Adaptive Path Selection: Real Numbers from 4 Networks
The numbers
Two cross-network test sessions. Four network types. Real measurements, not benchmarks.
| Network | Path | Latency | Notes |
|---|---|---|---|
| Satellite WiFi | DIRECT | 22ms avg | IPv6 QUIC, same LAN |
| Terrestrial WiFi | DIRECT | 7-29ms | Cross-ISP via public IPv6 |
| 5G Cellular (CGNAT) | RELAYED | 112-200ms | Carrier NAT blocks direct |
| 5G Day 2 (hole-punch) | DIRECT | 68-160ms | DCUtR succeeded, 257ms punch |
| Wired Ethernet | FAILED | - | Daemon died on interface change |
Connection time dropped from 45 seconds worst-case to 3-10 seconds typical.

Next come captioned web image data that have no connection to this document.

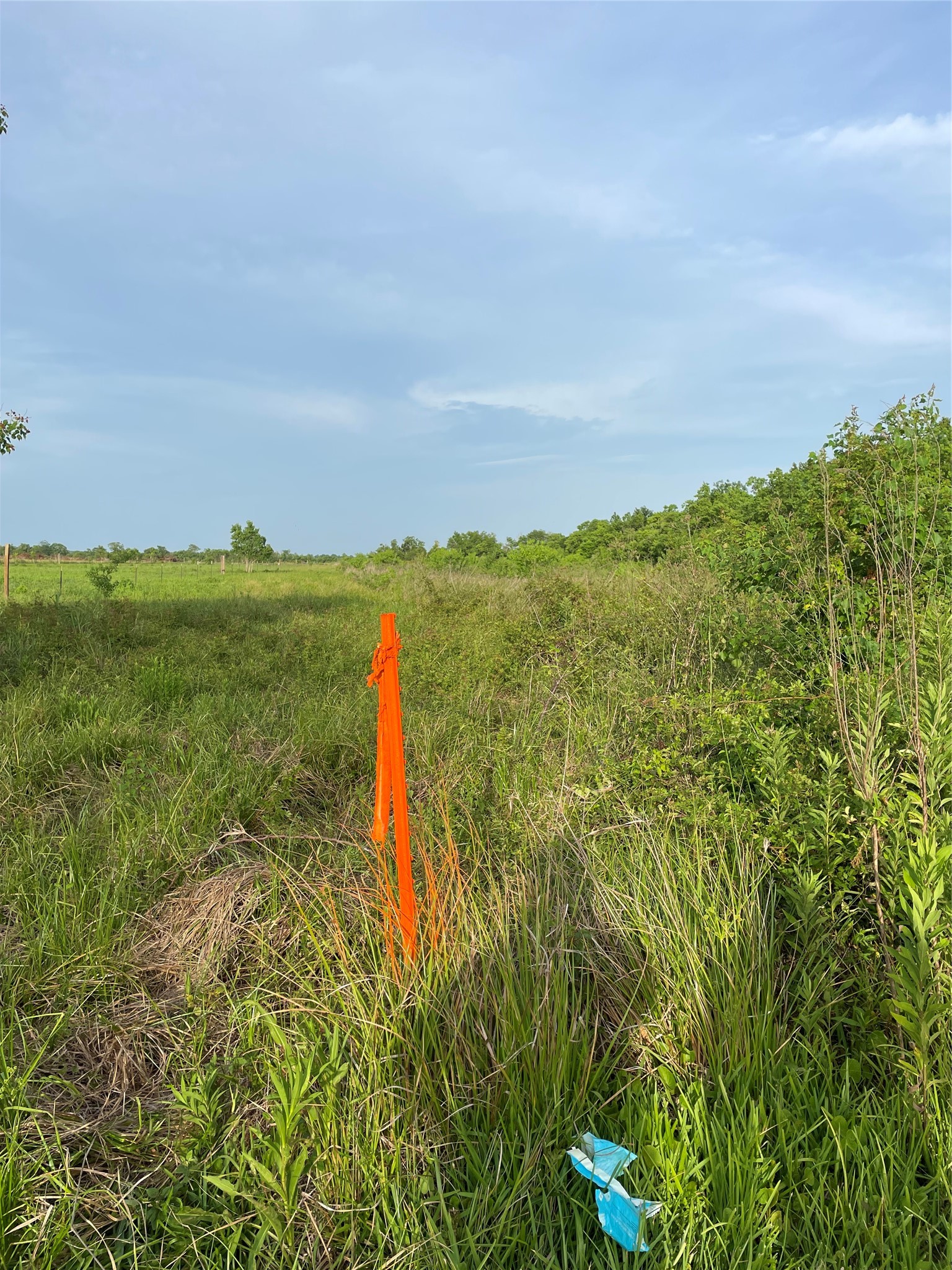 0 Fm 1909 Liberty, TX 77575 - Photo 4 of 5 a view of a lake with a yard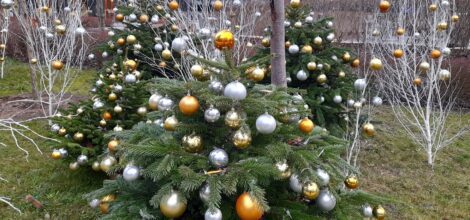 Décorations à Orange Gardens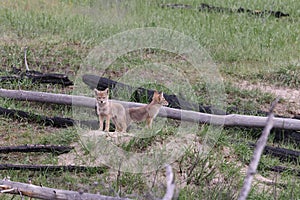 young coyotes  (Canis latrans)  alberta canada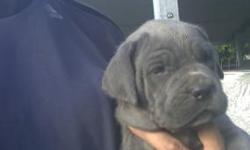 Neopolitan Mastiff. 3 males ($450) 2 feamales (400). Dewormed, cut tail. 1 month old full blooded not registered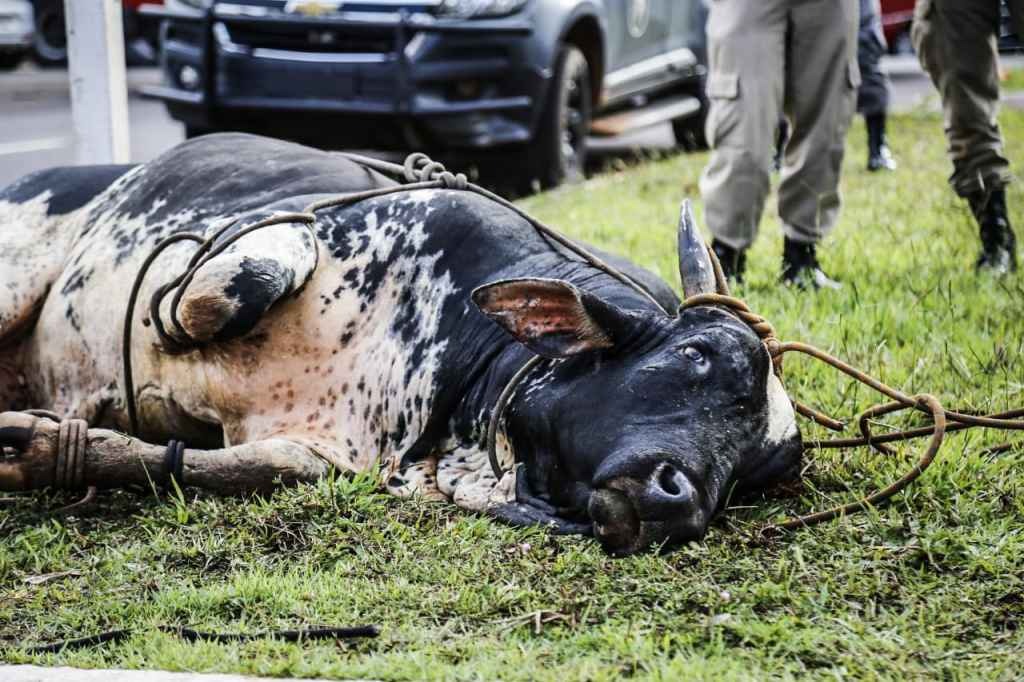 Policiais demoraram 20 minutos para conter animal (Henrique Arakaki, Midiamax)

Zero packet loss through a live WiFi-to-cellular network switch. One honest failure that we haven’t fixed yet.
What we tested
Four network types, two machines, one relay:
- Network A (Satellite WiFi): Consumer satellite internet with stock router. Both peers on the same LAN. Full IPv6 with ULA addresses.
- Network B (Terrestrial WiFi): Standard ISP with enterprise access points. Different ISP from Network A. Public IPv6 available.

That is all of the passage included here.